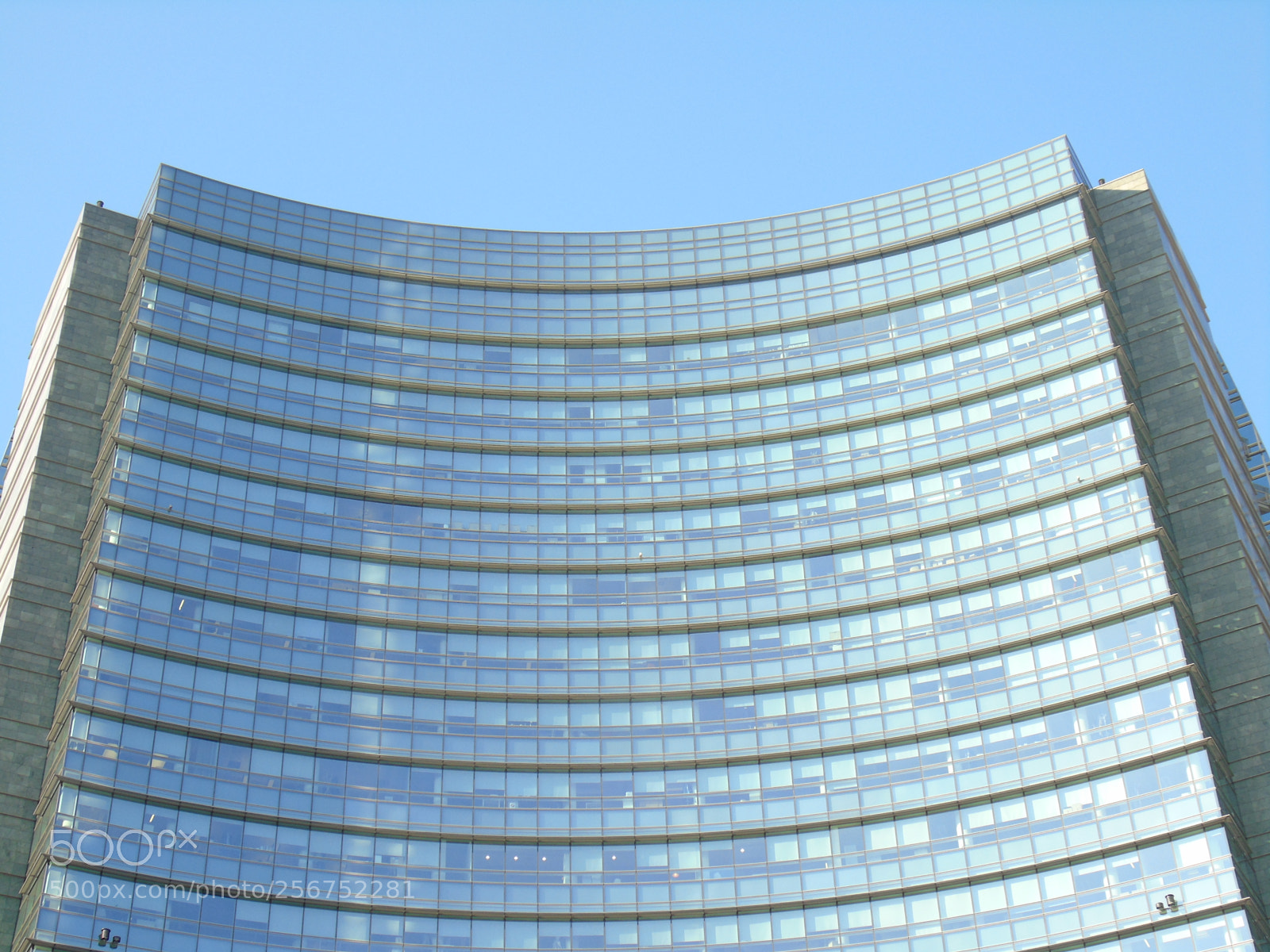 Sony Cyber-shot DSC-H400 sample photo. Cityscape photography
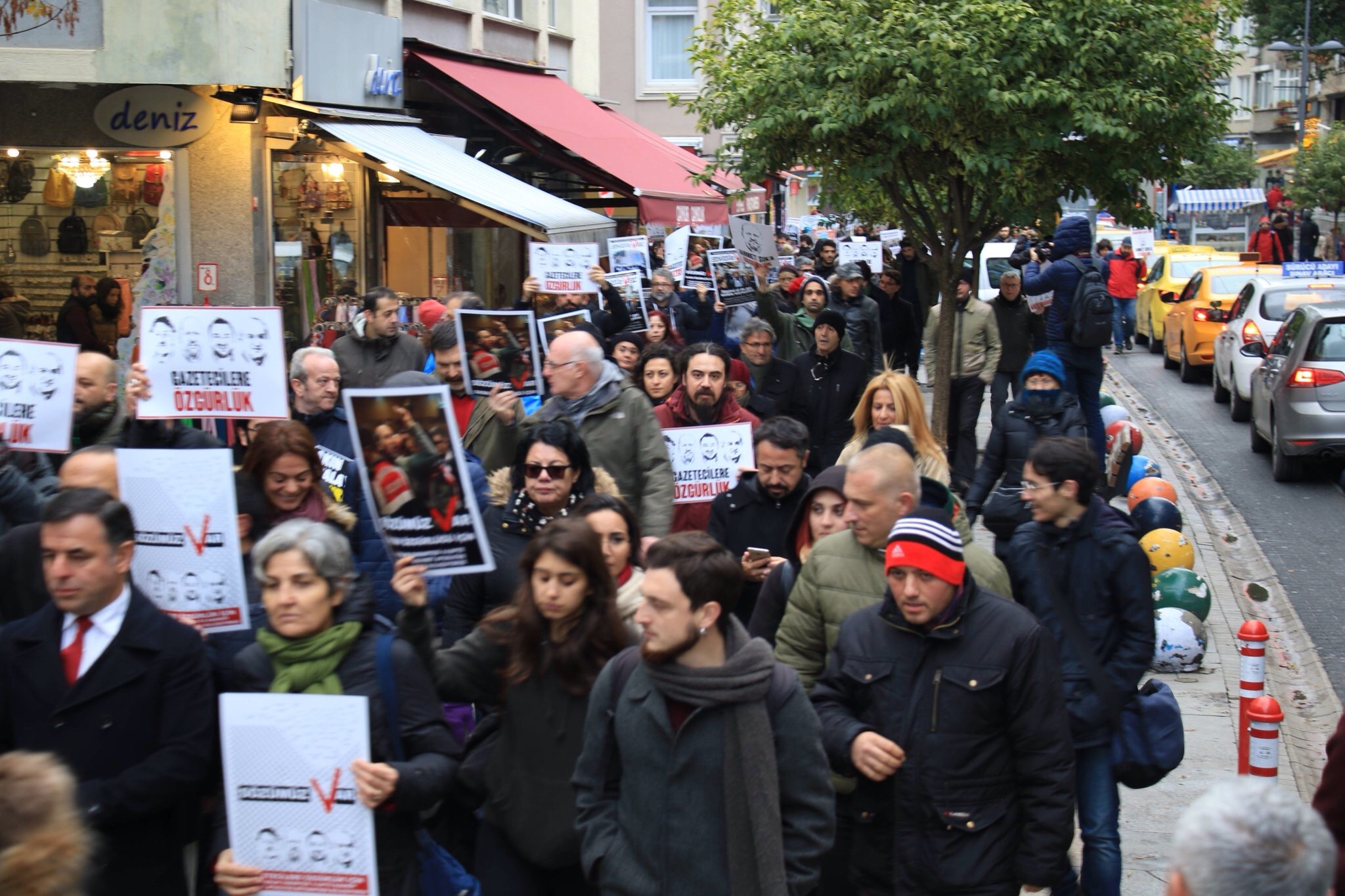 Tutuklu gazeteciler için Kadıköy’de yürüyüş düzenlendi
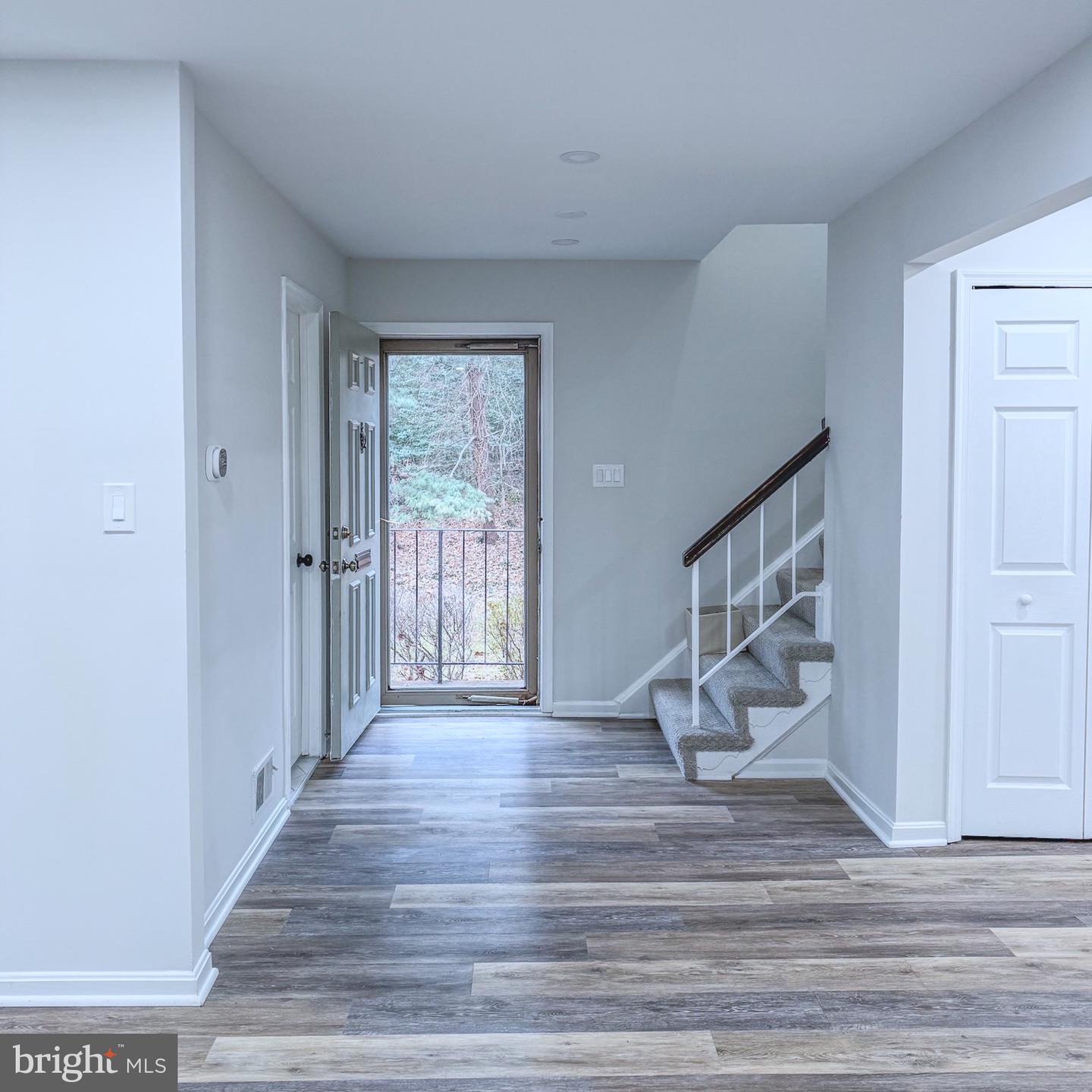 10321 HAMPSHIRE GREEN AVE, FAIRFAX, Virginia 22032, 3 Bedrooms Bedrooms, ,3 BathroomsBathrooms,Residential,For sale,10321 HAMPSHIRE GREEN AVE,VAFX2291516 MLS # VAFX2291516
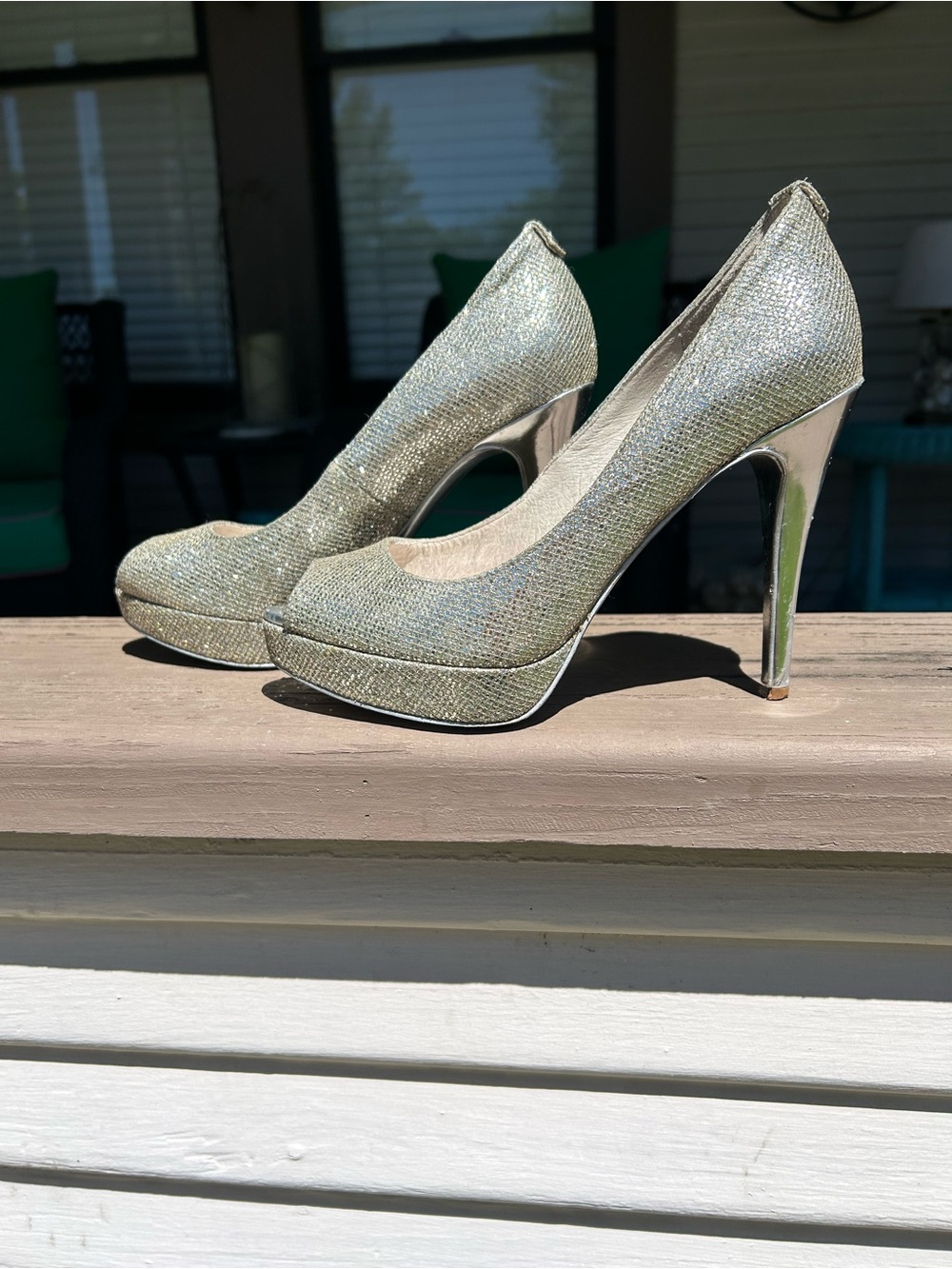 Michael Kors Glitter Platform Pumps in Silver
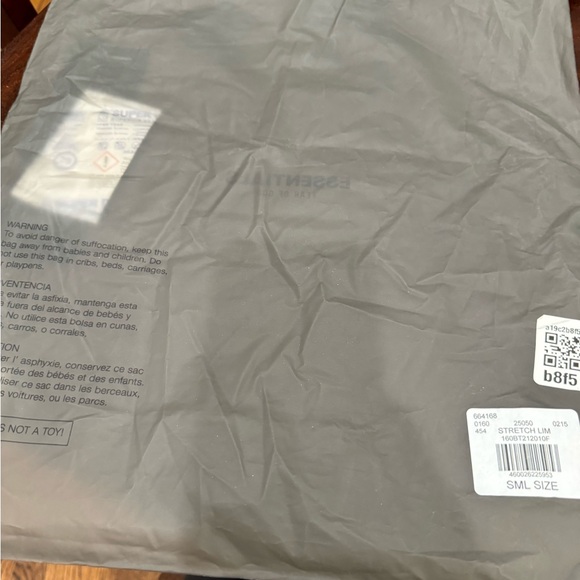 Essentials fear of god shorts black size small - Picture 7 of 8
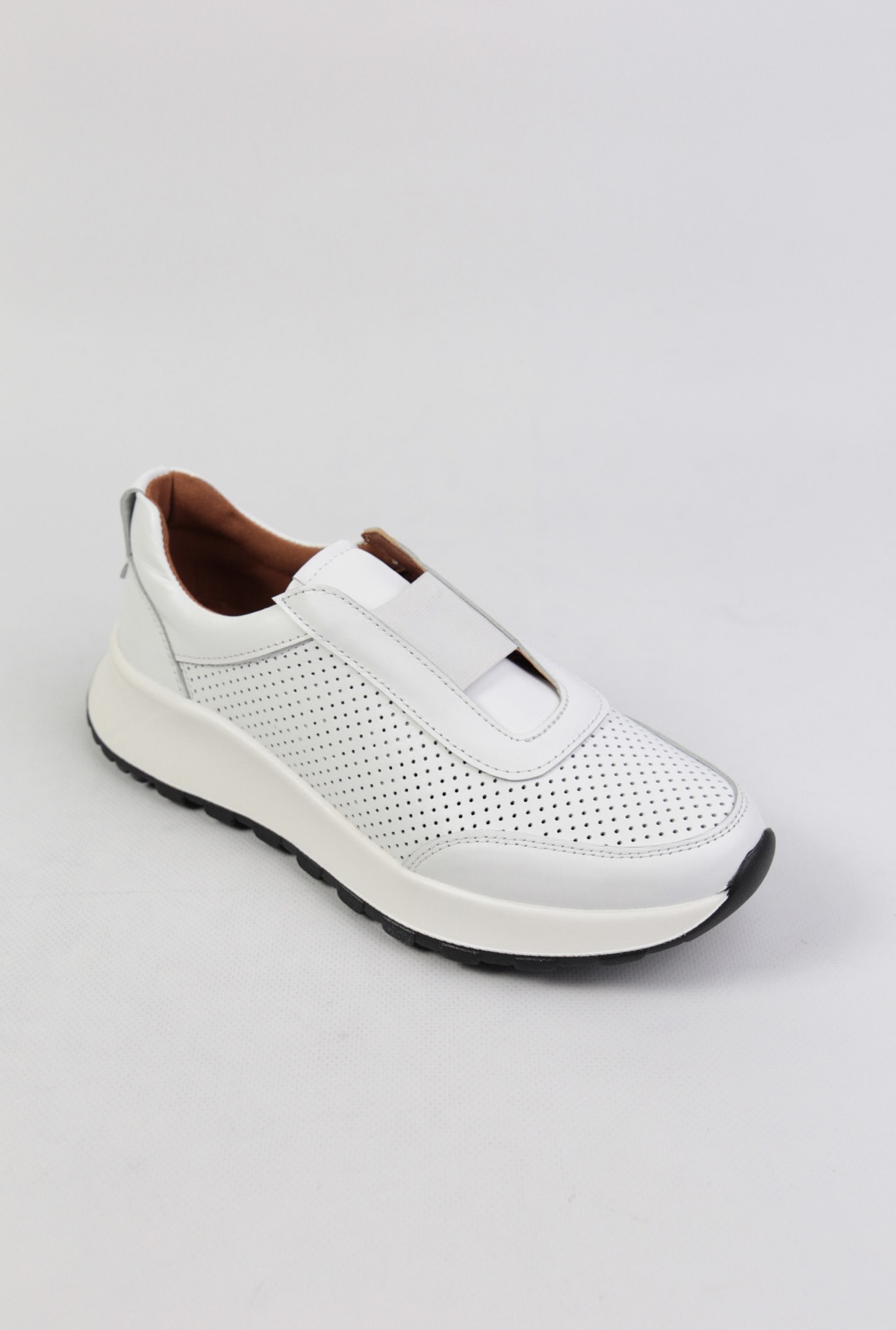 картинка  Кроссовки кожаные Benito от магазина Pratik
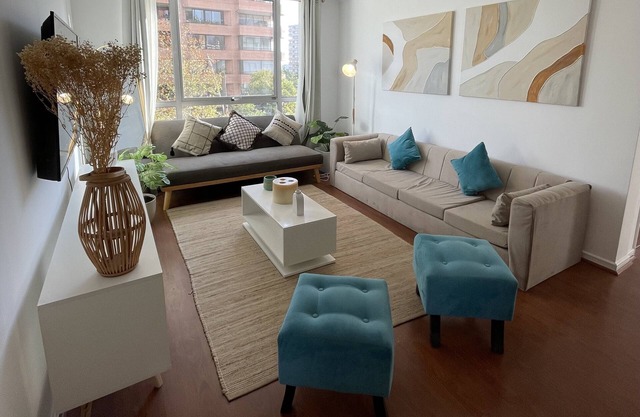 nModern 2D 2B Apt Wi-Fi, Parking, Fully Equipped Metro Manquehue -Las Condes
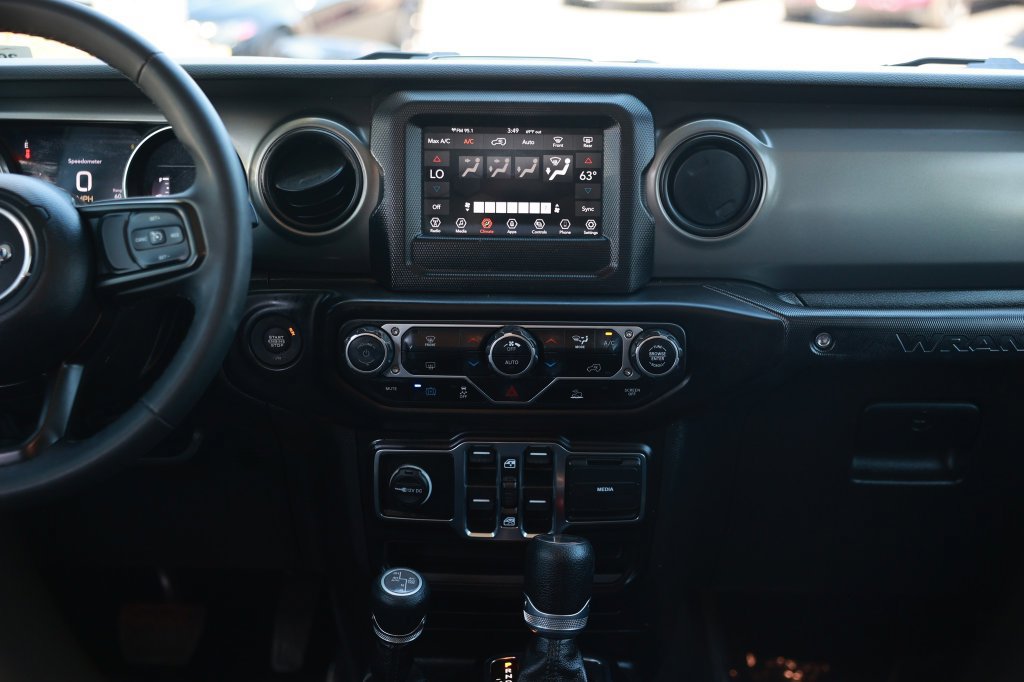 Used 2023 Jeep Wrangler Unlimited AWD/4WD image 29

● **Task to carry out**: Each entry is to be transcribed verbatim, and any picture in it is to be skipped.

● **Written solution**:
 Sony Cyber-shot DSC-H400 sample photo. Cityscape photography
 Tutuklu gazeteciler için Kadıköy’de yürüyüş düzenlendi
 10321 HAMPSHIRE GREEN AVE, FAIRFAX, Virginia 22032, 3 Bedrooms Bedrooms, ,3 BathroomsBathrooms,Residential,For sale,10321 HAMPSHIRE GREEN AVE,VAFX2291516 MLS # VAFX2291516
 Michael Kors Glitter Platform Pumps in Silver
 Essentials fear of god shorts black size small - Picture 7 of 8
 картинка  Кроссовки кожаные Benito от магазина Pratik
 nModern 2D 2B Apt Wi-Fi, Parking, Fully Equipped Metro Manquehue -Las Condes
 Used 2023 Jeep Wrangler Unlimited AWD/4WD image 29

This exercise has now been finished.